I’m concerned that critical gaps in this current reporting trend, rather than helping the cause of fighting climate change, could therefore damage that cause.
The original BBC/CCR exclusive has been followed by a string of further stories that essentially double-down on things that have been repeatedly reported for months – that the UAE is investing in increasing fossil fuel production, and that the COP28 president, Dr Sultan Al Jaber, believes that science doesn’t support a phase out of fossil fuels.
So this piece is the first in a series in which I’ll try to explore all these stories to see how well they stack-up, and to unearth deeper complexities which are crucial for all of us to understand.
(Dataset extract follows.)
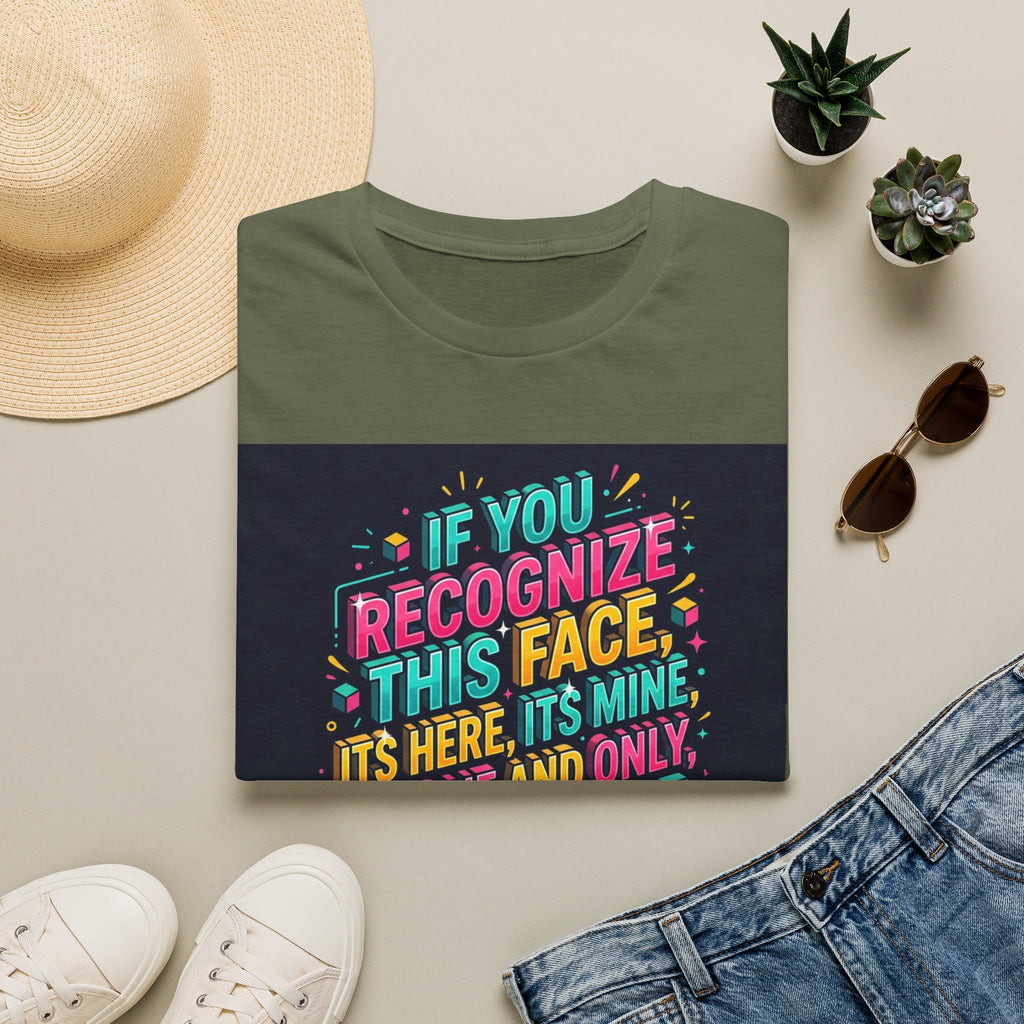 T-Shirt — “If You Recognize This Face It’s Mine” Funny Graphic Tee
I’ve been reporting on these issues as an investigative journalist for 23 years. In that period, I’ve broken major exclusives on how fossil fuel interests have fatally compromised climate negotiations, such as the COP26 summit hosted by the UK. And earlier this year I wrote an open letter to the COP28 president, Dr Sultan Al Jaber, offering a deep systems-based critique of parts of the COP28 presidency’s agenda.
Since then, I also offered a systems assessment of how the COP28 presidency’s policy agenda is the most ambitious compared to any previous UN climate summit – and that if implemented, its core proposals would make a significant impact in accelerating global system transformation toward a world consistent with staying within the 1.5C safe limit recognised by the Paris agreement.
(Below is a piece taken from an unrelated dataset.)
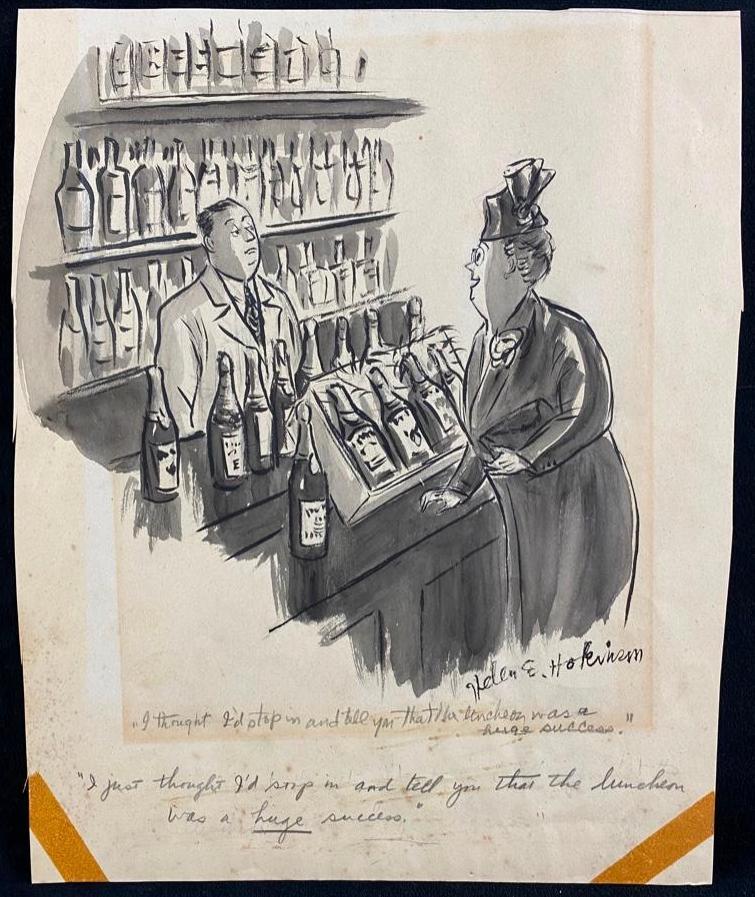 Helen E. Hockinson Original Ink & Wash New Yorker: Helen E. Hockinson Original Charcoal & Watercolor Original Helen E. Hockinson cartoon done for the New Yorker Magazine in the late 1930s or early 1940s. Hockinson did 68 covers and over 1800 cartoons 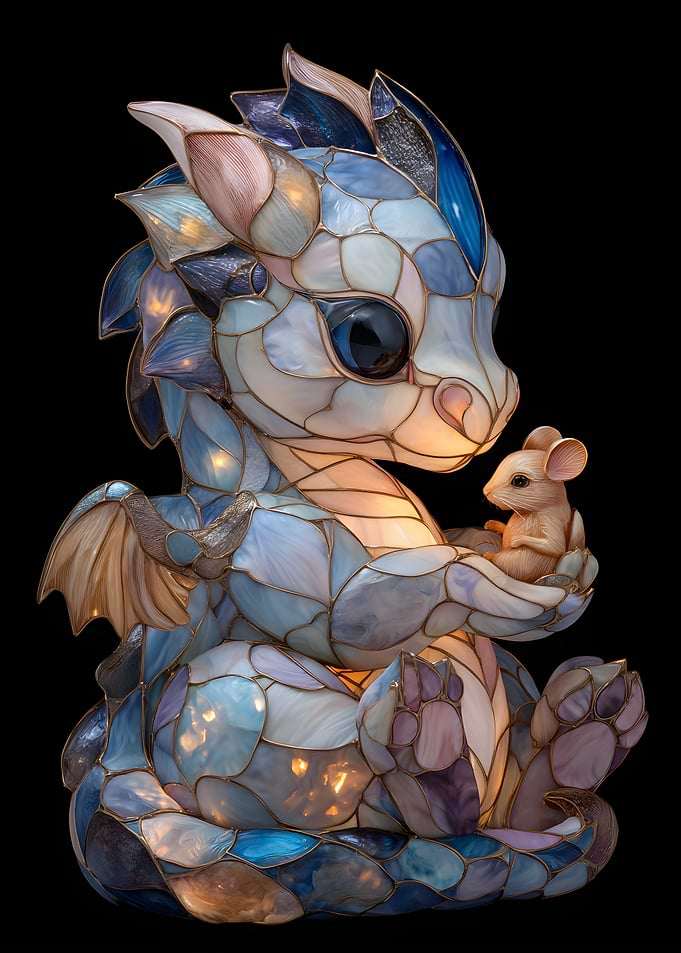 Stained Glass Dragon and Mouse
The UAE’s role as a major global oil producer has been the focal point of reporting on its COP28 presidency. To some extent, this is reasonable and necessary. But the BBC story is so oversimplifying, it’s in danger of misleading readers in many important ways.
The job of journalism is not to reinforce a pre-existing bias – but to get at what’s really going on, even if that’s complex; and to acknowledge if something is uncertain. The BBC did not do that.
Did the COP28 presidency use pre-COP talks to strike secret oil and gas deals that would boost global fossil fuel production?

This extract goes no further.